Essa pergunta seria melhor respondida por um economista. Eu torço para que seja suficiente para que o estado reencontre o rumo. Para a universidade, há ainda um interesse extra para que isso funcione. Para realizar convênios com empresas e instituições federais, é necessário que a universidade tenha uma Certidão Negativa de Débito, uma comprovação de que pagamos tributos federais. Não temos pago há muito tempo, por inexistência de caixa. A Geologia e Química precisam de relações, por exemplo, com a Petrobras, mas a empresa não assina mais convênios conosco. É mais uma perda. O plano renegocia tributos federais, poderia abrir esse flanco. Mas saída da crise, só com retomada real de receita do Rio. Fizemos encontros com especialistas de várias áreas da universidade para pensar saídas e políticas públicas para a crise e passamos ao governo do estado. Mas nosso papel termina aqui, é incentivar o estudo e discussão.

O papel do estado aqui então se resume a financiamento?

Sim. Mas não deveria ser assim. O estado deveria ter a UERJ como braço direito, como uma consultoria para as políticas públicas. E a UERJ teria essa obrigação de fornecer subsídios para o estado em todas as áreas. Eu disse isso ao governador na época da minha posse, disse em outras oportunidades, ele concordou, mas isso nunca se efetivou. Talvez se deva a isso o fato de que o governo acreditar ser caro manter uma universidade do tamanho da UERJ, quando poderia ser um investimento para solução de seus problemas. Somos uma comunidade de 50.000 pessoas, com 42.000 alunos, 2.600 docentes. É mais que a maioria dos municípios fluminenses. Era para estarmos os 50.000 na rua, apoiando as necessidades da UERJ.

Em entrevista a EXAME, o secretário da Casa Civil do governo Pezão admite que a educação superior foi preterida em relação ao ensino básico, por se tratarem de camadas mais baixas da sociedade. O que acha dessa estratégia?

Isso não é verdade. O estado tem basicamente ensino médio, a maior parte do fundamental é encargo da prefeitura. Segundo, a educação estadual utiliza boa parte de recursos do Fundeb para se financiar. Então, é equivocada essa posição ou facilmente contestável.

E qual o sentimento?

Claro que nos sentimos preteridos. Por que um funcionário público que faz a mesma função que eu vai receber antes? Por que um professor da Secretaria de Educação recebe antes que nós, que somos vinculados à Ciência e Tecnologia? São três meses de salários e bolsas atrasados. É inadmissível, aviltante. Foram feitas escolhas e a UERJ não esteve nessas escolhas. Não colocar a quinta maior universidade do país nas suas escolhas, não há dúvida de que é equivocado. [Pelo ranking divulgado pelo MEC, em 2017, a UERJ é a 26ª colocada. No Ranking Universitário 2016 do jornal Folha de S. Paulo, é a 13ª]. Sem investir nas universidades estaduais, elas se tornam caras, porque ficam sem qualquer capacidade de resposta para a sociedade.

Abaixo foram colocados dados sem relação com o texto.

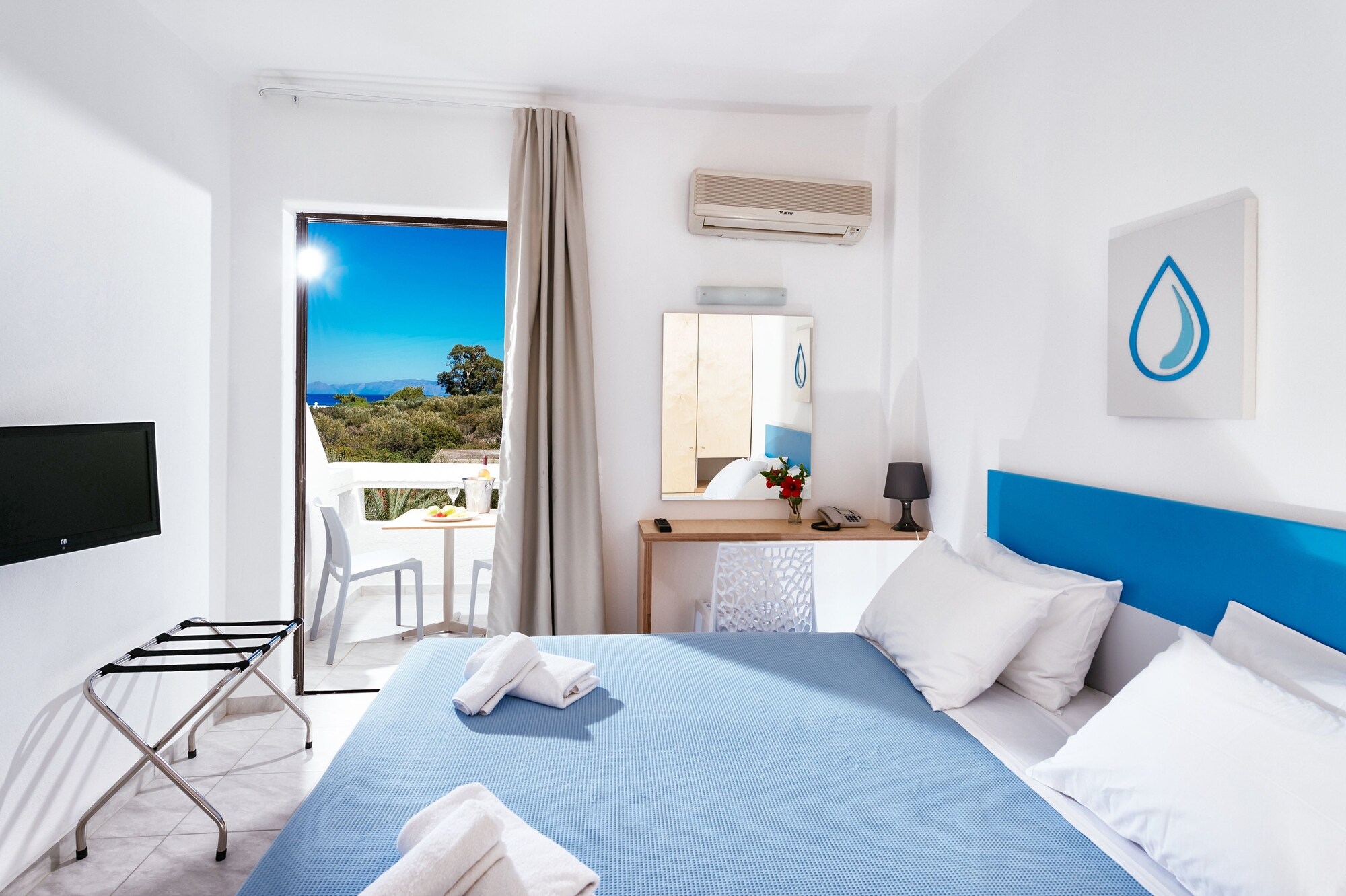 Superior, 1 Queen and 1 Single Bed, Sea View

Há planos para que essa situação nunca mais se repita?

A universidade é pública e continuará sendo pública, então a maior parte dos recursos devem vir do Tesouro estadual. Temos outras fontes: uma própria, em que a aplicação de pesquisas podem reverter em dinheiro para a universidade, ou pela realização de convênios nacionais e internacionais. Isso já existe, mas são 5% do Orçamento. Aumentar essas fontes alternativas é importante, mas nunca vão chegar a 80%. A ideia é que seja de 10% ou 15%. Podemos desenvolver alternativas de captação de recursos por doações, como acontece em outros lugares do mundo? Sim. Pode ser por incentivo fiscal? Pode. E passaríamos a fazer parte do pensamento dos empresários e ex-alunos que hoje são expoentes em diversas áreas. Mas, volto a dizer, a maior parte é do Tesouro estadual.

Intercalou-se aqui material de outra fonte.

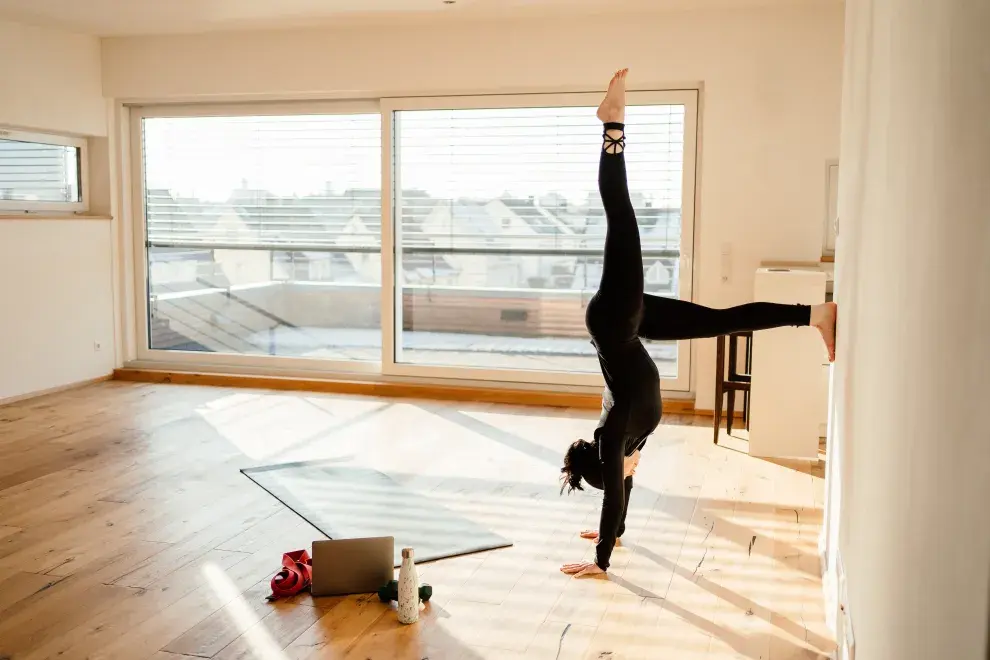 Foto de mujer haciendo pilates en la pared.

Doações à universidades públicas são um tabu no Brasil. Como lidar com isso? A cobrança de mensalidades proporcionais à renda também é uma hipótese?

Mensalidade, não. Sou contra. Realmente, trabalhar por doações e outras fontes por convênios com entes públicos ou privados é taxado por parcelas da comunidade como privatização da universidade. É um grupo que sempre vai existir, mas, felizmente, não é a maioria. Até a crise que estamos passando ajuda a desmistificar essa questão, porque mostra o quanto somos dependentes de fontes alternativas de receita. Estou com eles apenas na defesa de que não se cobre dos alunos. De resto, precisamos abrir o leque.